Kojaian family letters from Efkere/Kayseri to America
‘My Dear Son Garabed, I Read Your Letter. I Cried, I Laughed: Kojaian Family Letters from Efkere/Kayseri to America (1912-1919)’ edited by Jonathan Varjabedian and H. Şükrü Ilıcak (Histor Press, 428 pages, €34)
In 2001 the family of Garabed Kojaian found a cache of old letters in a small tin box in his Detroit home. Kojaian had died 25 years earlier and the box had been almost entirely forgotten until it was rediscovered. The letters were mysterious, written in the Armenian script and using a highly dialectal form of Turkish.
Born in the mid-1890s in Efkere, a village northeast of Kayseri in modern-day Turkey, Garabed emigrated to the U.S. in the years before the First World War. He was followed by his father Harutian, a blacksmith, in 1913. The letters found in the box almost all dated to before the war, written and sent by the family members and neighbors they left behind in Efkere. Their translation was eventually taken on by academic Şükrü Ilıcak, a Harvard University student at the time.
What emerged from the painstaking deciphering process was remarkable: A vivid portrait of a village in Anatolia that no longer officially exists and was barely documented even at the time. “Here it was, perfectly preserved, with its residents seemingly talking to us a century later,” writes editor Jonathan Varjabedian, Garabed’s grandson, in the introduction to “My Dear Son Garabed.” The book beautifully presents 88 of the letters in English and Turkish, alongside images of the original letters and photos of various villagers.
Back when the letters were written Efkere was a village of around 500 Armenian and 50 Turkish households. It was a time when Armenians from villages across Anatolia were migrating to the U.S., while maintaining close bonds with those they left behind. Most of the letters Garabed and Harutian received from Anatolia came from the former’s mother Hyganush and his brother Misag, as well as fellow villagers. Many of the concerns they expressed are quotidian and prosaic.

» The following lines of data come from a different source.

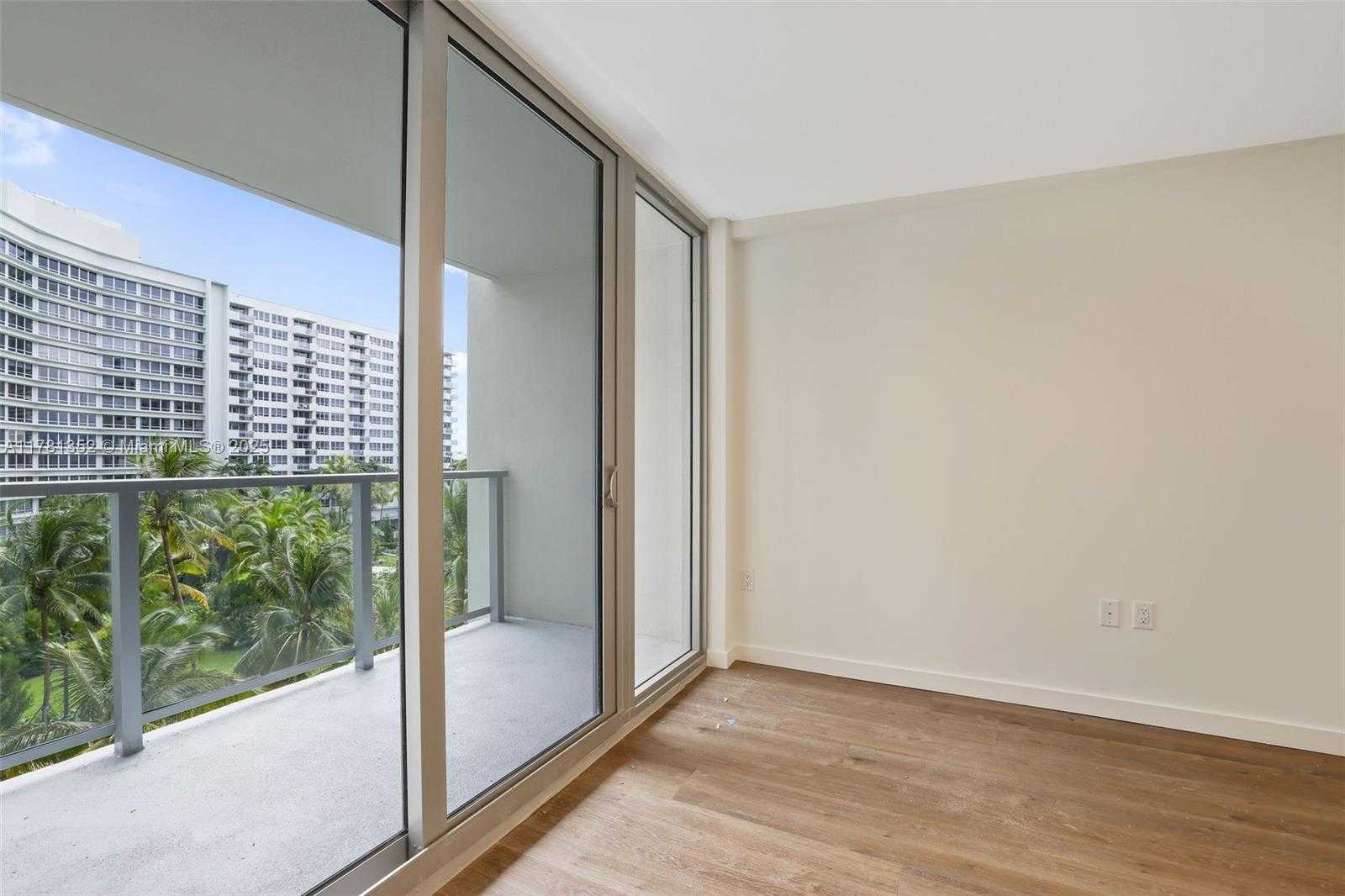 Small Image of 1500 BAY RD #N-0229, Miami Beach Number 16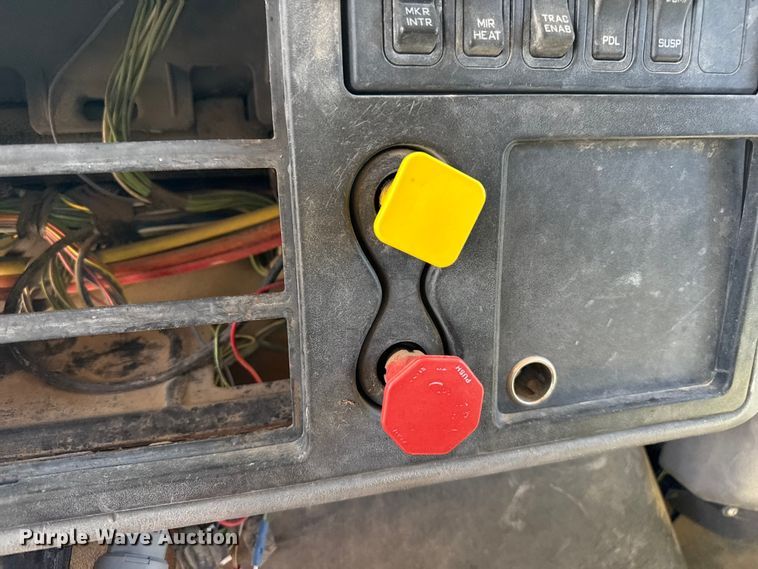 image for item EP0544 2004 International 7400 dump truck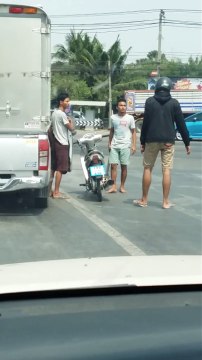 Road rage à coup de tuyau! ils sont chaud eux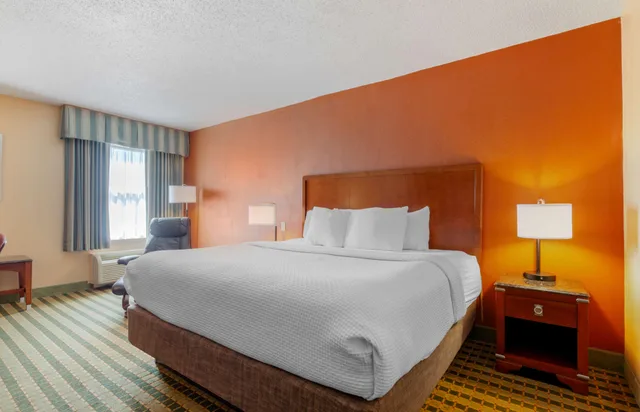 غرفة بسرير مزدوج لذوي الإعاقة، Best Western Plus Inn At Valley View 2/3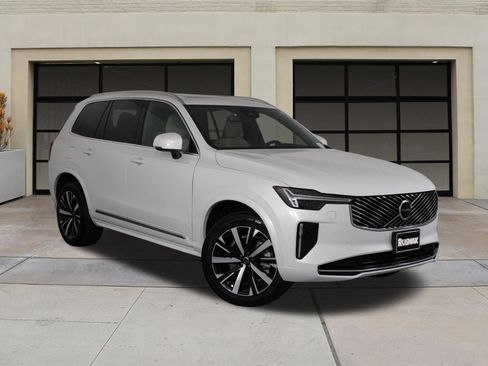 Certified 2026 Volvo XC90 B5 Core AWD/4WD image 34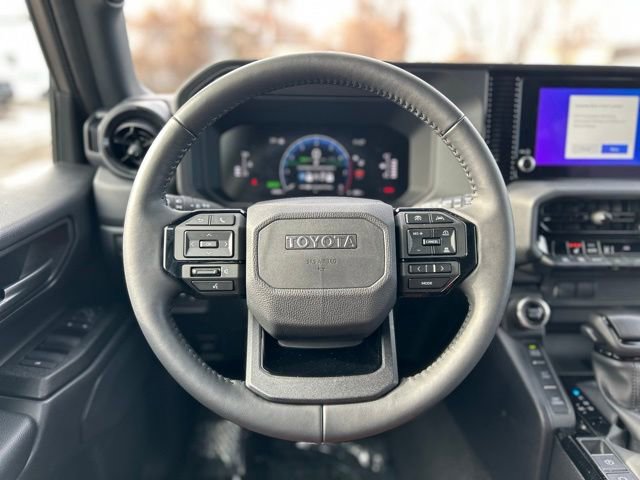 Used 2025 Toyota Land Cruiser image 21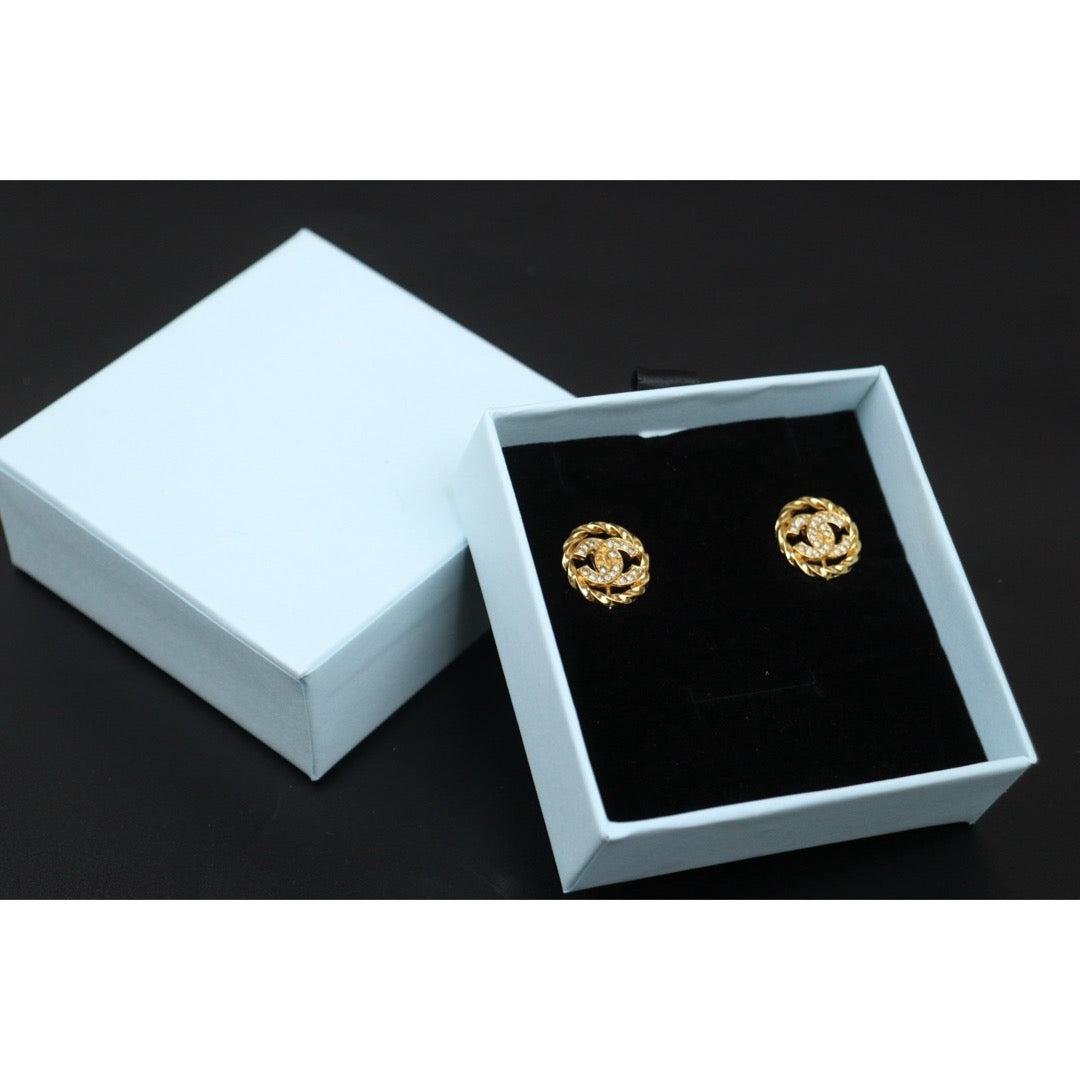 Good ( Rank AB) ?CHANEL Coco Mark Gold 24 Plated Rhinestone Earrings?V25061912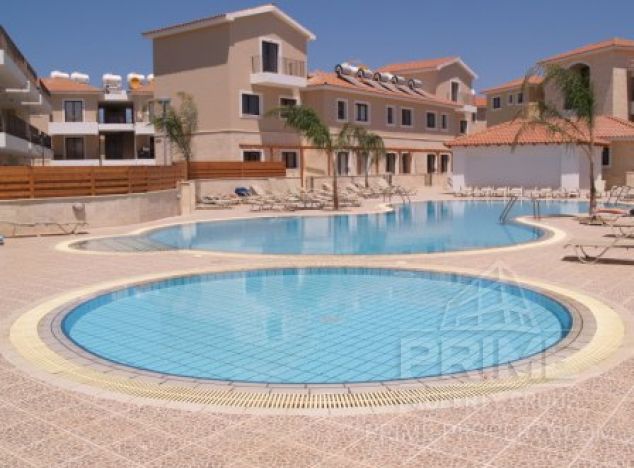 Town house in  (Kapparis) for sale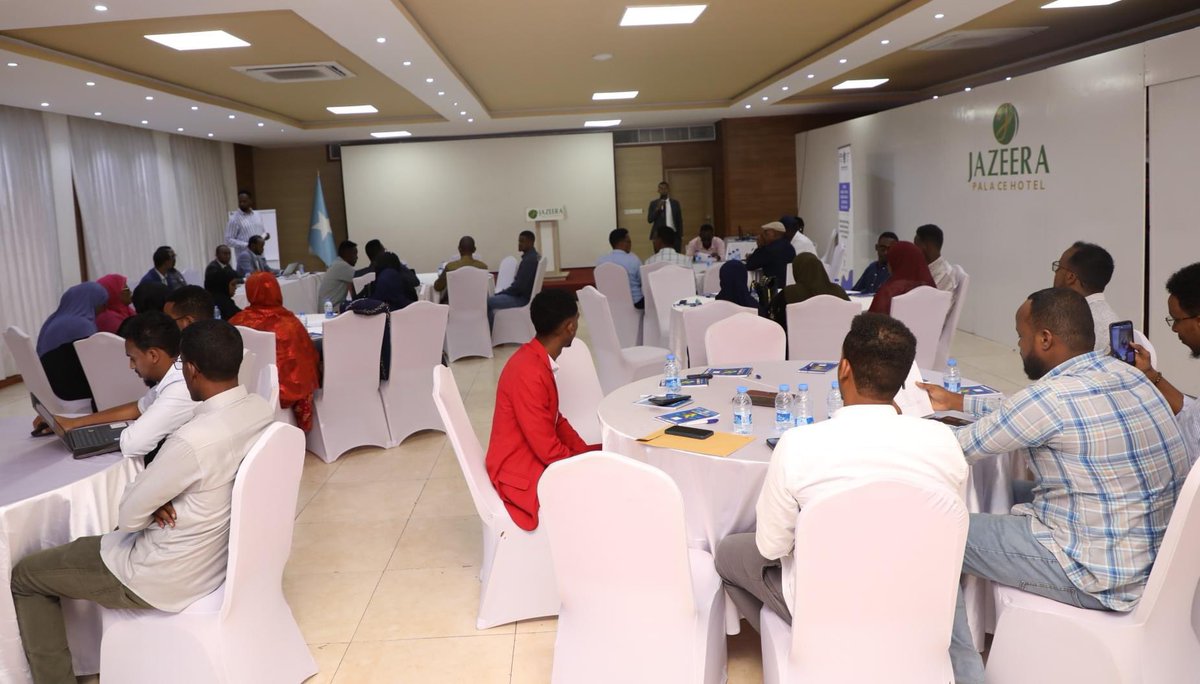 Today, @SomaliaMolsa in collaboration with the @NBS_Somalia organized a stakeholder consultation on National Multi-dimentional Poverty Index in Mogadishu, bringing together various FGS institutions. The consultation was officially opened by the Director-General @Yusuf_wadani.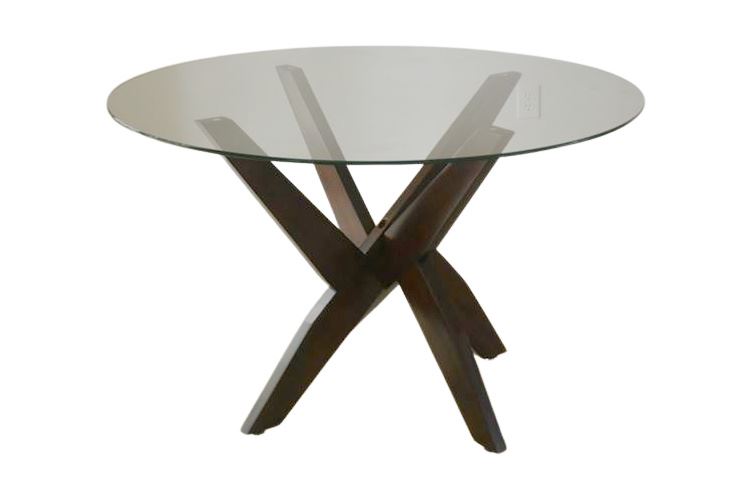 Steve Silver Amalie Round Dining Table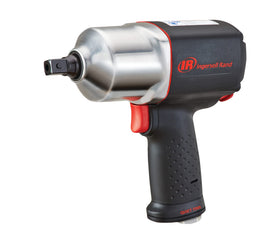 Ingersoll Rand 2135QXPA enabling one-handed forward/reverse operation for quick direction changes.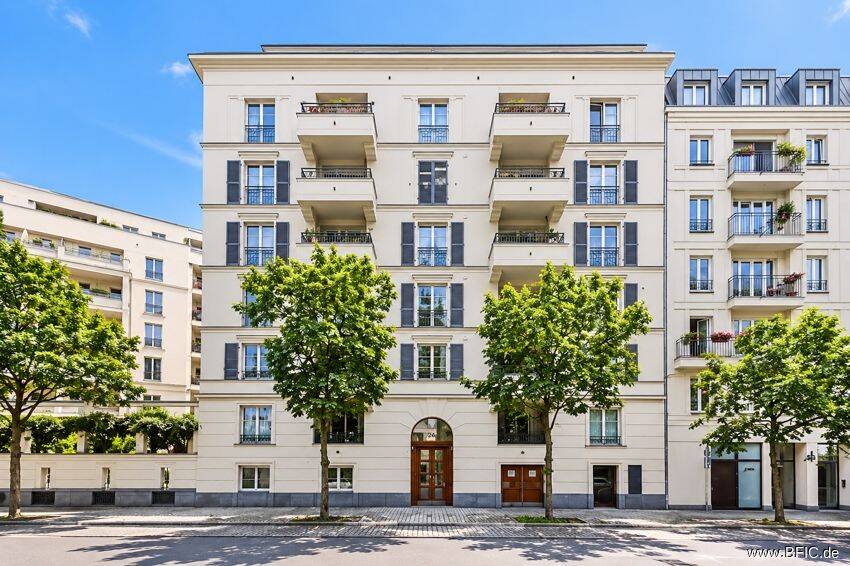 Wohnkomfort am Spittelmarkt – edle 5-Zimmer-Wohnung mit Terrassenbalkon, 10179 Berlin (Mitte)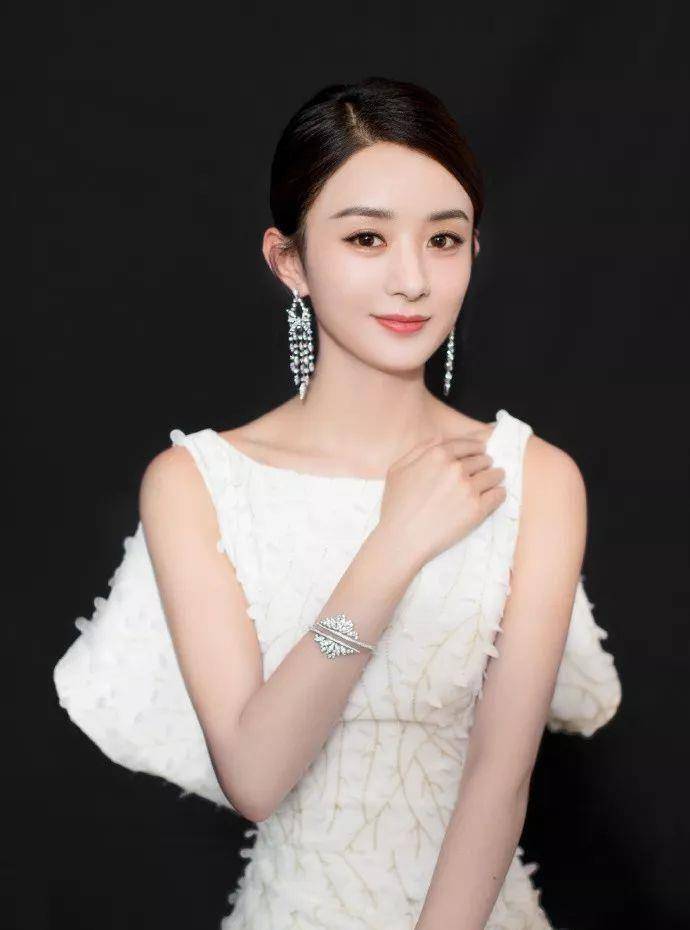 赵丽颖复出,王嘉尔杂志,朱正廷发展,施展资源,伍嘉成新剧_商务_少年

Particularly striking is the lack of reference to political or social events that would build to so brutally shake the region within years. Correspondence instead focuses on weddings, births, deaths, illnesses, the price of groceries and village gossip. The letters are also full of formal, standard stock phrases, used even when Hyganush writes to her husband Harutian. “Gracious and affectionate Harutian Agha Kojaian, I extend my special greetings and inquire after your wellbeing. If you would like to know how we are, we have no worries and we pray for you. Also, Miss Verkine kisses your gentle hand,” reads a typical opening.
The lack of political engagement in the letters feels very natural. But inevitably we witness the village being gradually dragged into events larger and more incomprehensible than daily village concerns. There are hinted references to the Balkan Wars (1912-13), when the authorities start drafting soldiers from among Efkere’s locals. “The Ottoman state is fighting a tremendous war on four fronts. In Serbia, Montenegro, etc.,” writes Harutian at one point before joining his son in the U.S. This process intensifies with the start of the First World War, when economic hardships mount and the draft intensifies. As for the deportations and massacres of 1915, there is barely a hint before the letters are abruptly cut off in spring 1915.
“My Dear Son Garabed” brings together letters sent to Garabed and Harutian between 1912 and 1919. Eighty-six were written between June 1912 and May 1915, while the last two were written in 1919. Those final letters are quietly devastating, telling us indirectly that their entire family has been killed, including all the people whose letters we have been reading up to now. In subsequent years Garabed and Harutian would continue to live in Detroit, while traces of the world they left behind in Anatolia gradually disappeared.